Summary: Windows 8’s Active Directory support goes under the microscope as build 8250 is joined to a domain.
Well, with all the hoopla about the metro interface and the possible lack of support for domains in Windows on ARM (WOA) tablets – you might forget that Windows is also a client machine. In fact, you might have missed that the engine that makes Windows so successful is the Enterprise and manageability tools that come with Active Directory domains.
Your first question is probably “What’s new?” and I have to say, “Not allot”. based on what I’ve seen, Windows 8 doesn’t really look like it will be much different than that of Windows 7 when you join a domain. Let’s take a look.
So far, this is the same place as you would join a domain in Windows 7. The “Change” button is still there and really, if the theme wasn’t slightly different, you might think this was actually Windows 7. You also notice the Computer Description is still there.
Domain Change Screen
This screen also looks exactly the same. Not much of a difference here. I do notice that the “More Information” link has been removed, though this may be due to plans Microsoft has for a different help system.
After Joining Domain
After you’ve authenticated in the domain you’ll still get this somewhat useless dialog that welcomes us to the domain. Microsoft, I really think you can do away with this process altogether now.
I was curious if we’d see a version of Windows that can join a domain and not require a reboot.

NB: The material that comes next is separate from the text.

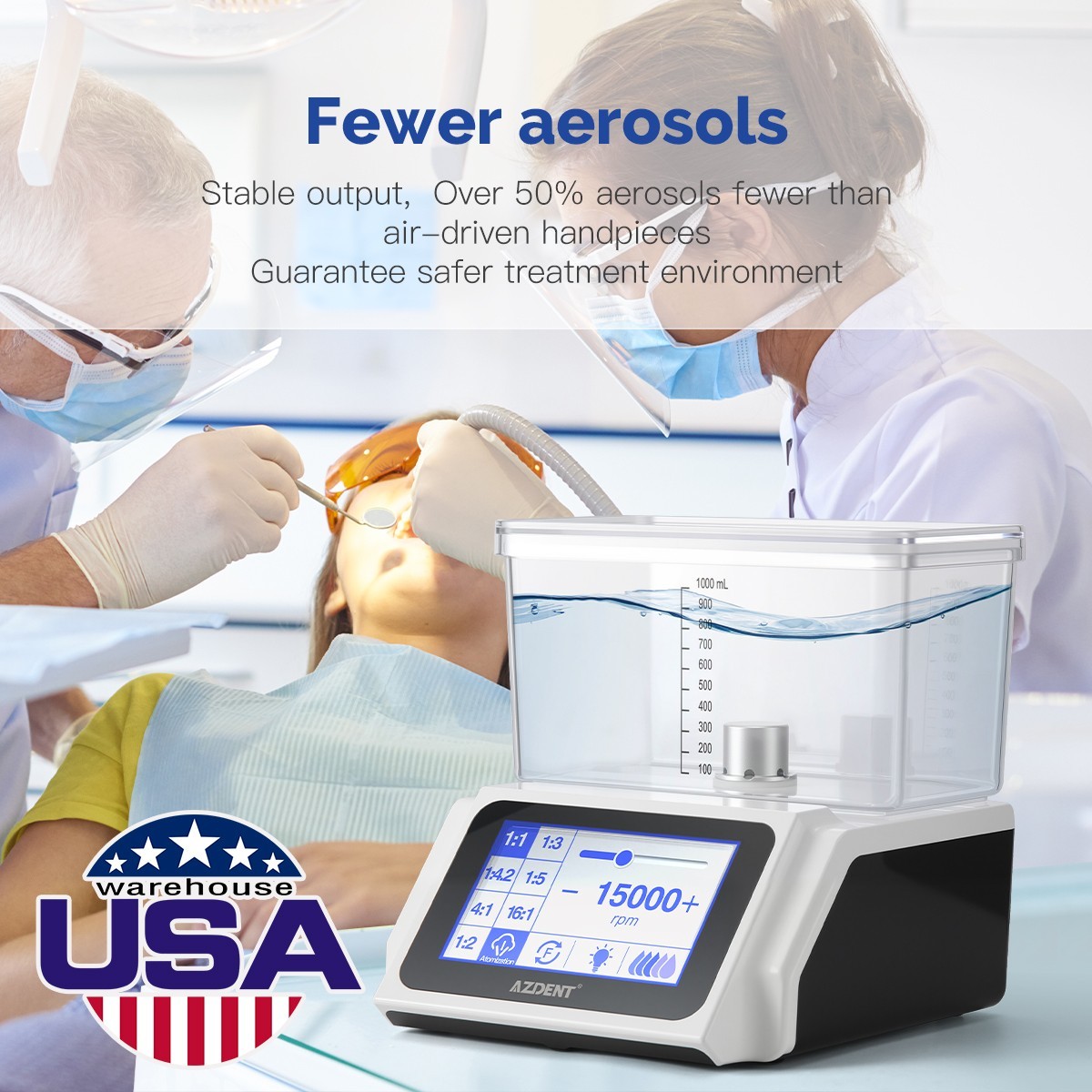 Dental LED Brushless Electric Micro Motor / 1:5 1:1 1:4.2 Fiber Optic Handpiece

That would have been an impressive new feature. But, alas, we much still reboot machines after joining a domain just like we always did. I don’t see any reason for that to change in the final version.

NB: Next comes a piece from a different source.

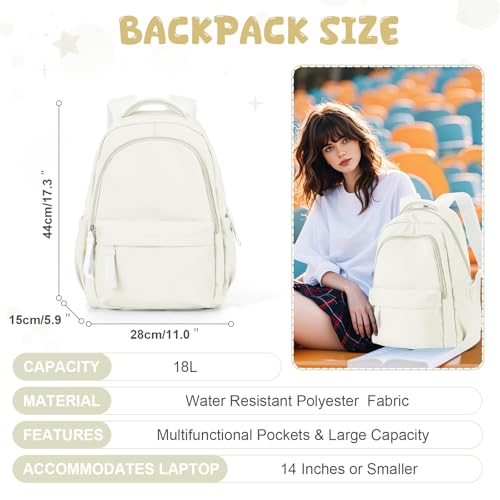 winspansy Small Backpack For School Girls Boys Aesthetic Lightweight Travel Daypack Simple Cute Backpack For Women Men College High School Bookbag Fit 14 Inch Laptop,Beige - color: A1-beige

The most significant changes are going to be to the look and feel of login screens on Windows 8. When a domain user is logging in, it looks like this:
Interesting here is that Windows supports user accounts from the local Windows machine, from a a Windows Active directory and accounts that are cloud enabled with a Microsoft Account. It will be interesting to see more about how these accounts are represented on disk, how they’re linked to thy’re respective services and whether Microsoft has made plans for API (Application Programming Interface) that might let developers hook accounts and services to the shell. Imagine logging into Windows with your Gmail account and having an Android-like experience. There is some great potential here.
|From left, the login screen with a domain account, a Microsoft (cloud) Account, and other (local) user|
Given the number of changes Microsoft was promoting at their recent event in Barcelona, I was expecting to see a few more differences than this. Let’s also not forget that there may be some interesting goodies in the Windows 8 Server -> Windows 8 Client scenario that I haven’t been able to test.